> _MATERIALS PROVIDED_
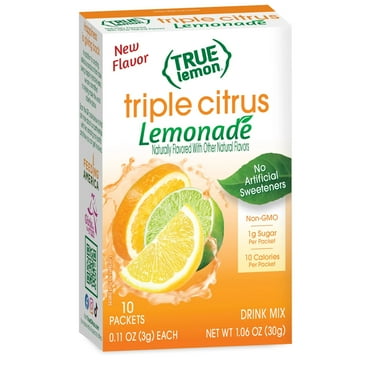 True Lemon Triple Citrus Lemonade Drink Mix, 10 Calories, No Artificial Sweetners, 10 Count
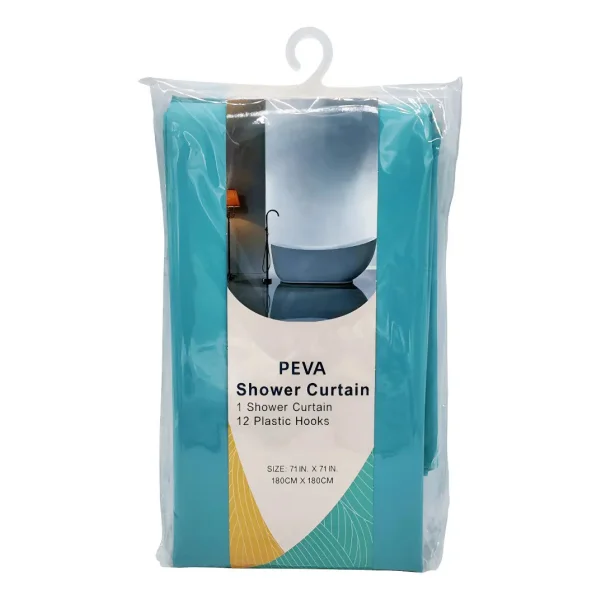Cortina De Baño Ducha Peva 1,80cm Ganchos Plástico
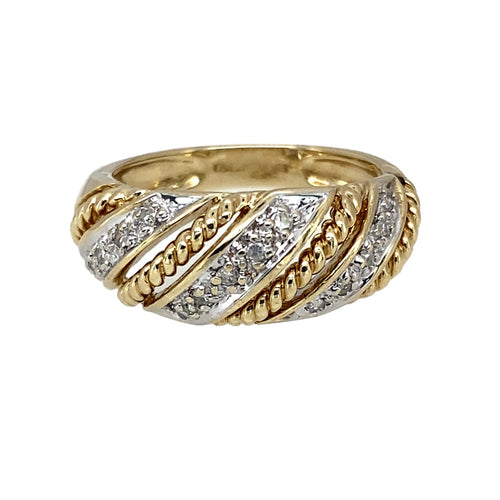 9ct Gold & Diamond Set Beaded Wrap Wide Band Ring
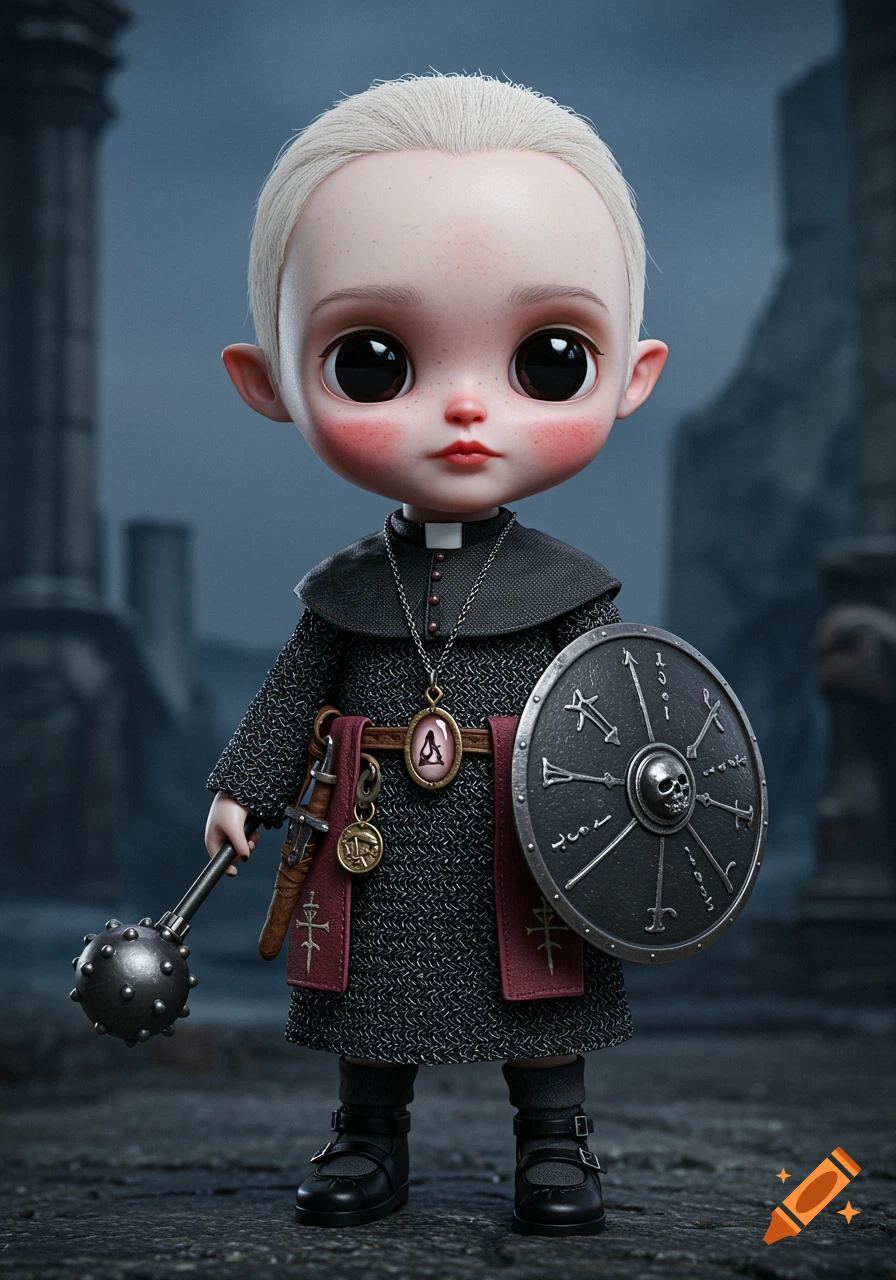 A stylized doll character with big innocent eyes and rosy cheeks wears a priest's cassock over chainmail, holding a battle mace and a shield with a skull.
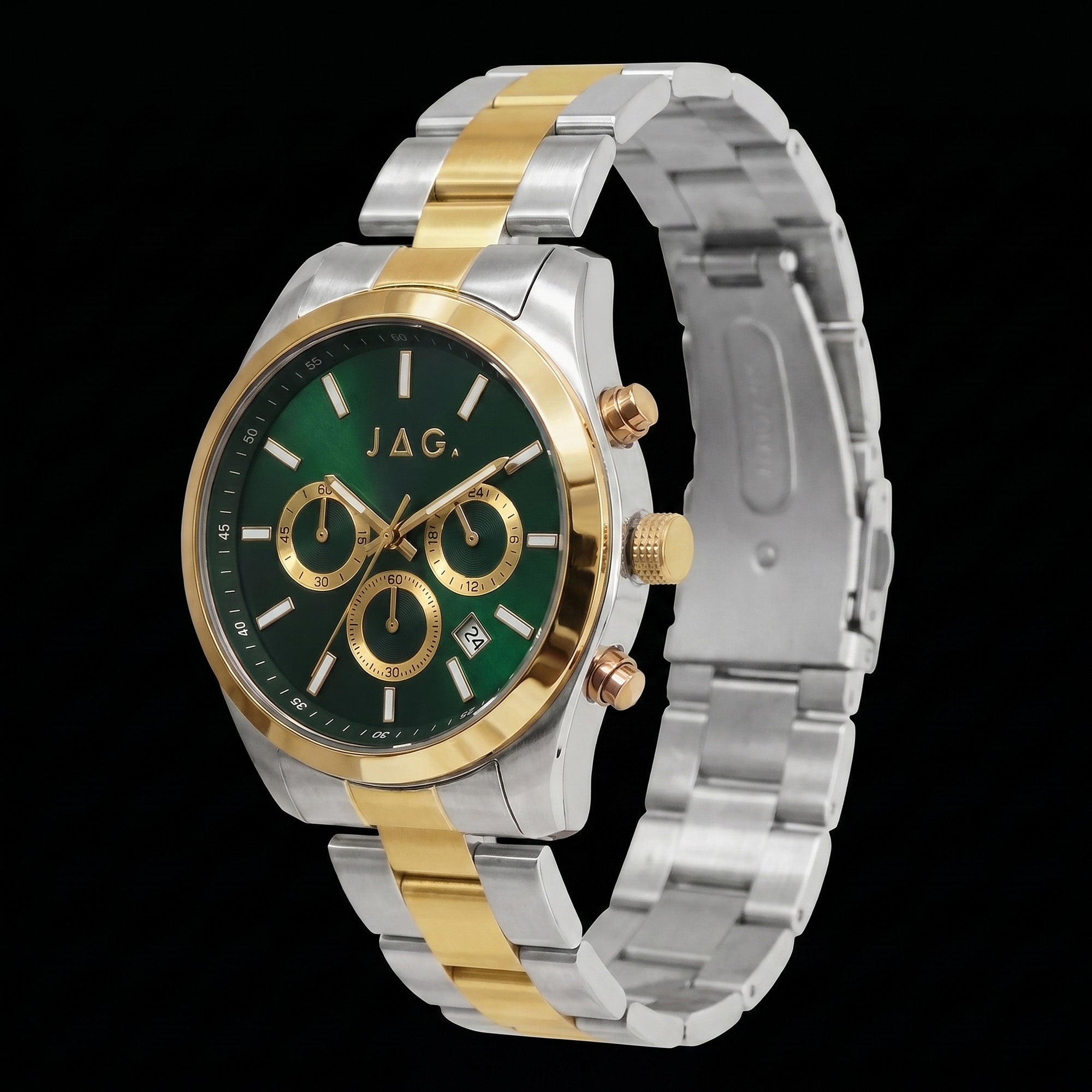 Side tilt view of JAG Acton men's green dial two-tone watch.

> _DESCRIPTION OF THE TASK_
Everything in the entries above should be returned exactly, apart from the pictures.

> _SOLUTION FOR THIS PROBLEM_
 True Lemon Triple Citrus Lemonade Drink Mix, 10 Calories, No Artificial Sweetners, 10 Count
Cortina De Baño Ducha Peva 1,80cm Ganchos Plástico
 9ct Gold & Diamond Set Beaded Wrap Wide Band Ring
 A stylized doll character with big innocent eyes and rosy cheeks wears a priest's cassock over chainmail, holding a battle mace and a shield with a skull.
 Side tilt view of JAG Acton men's green dial two-tone watch.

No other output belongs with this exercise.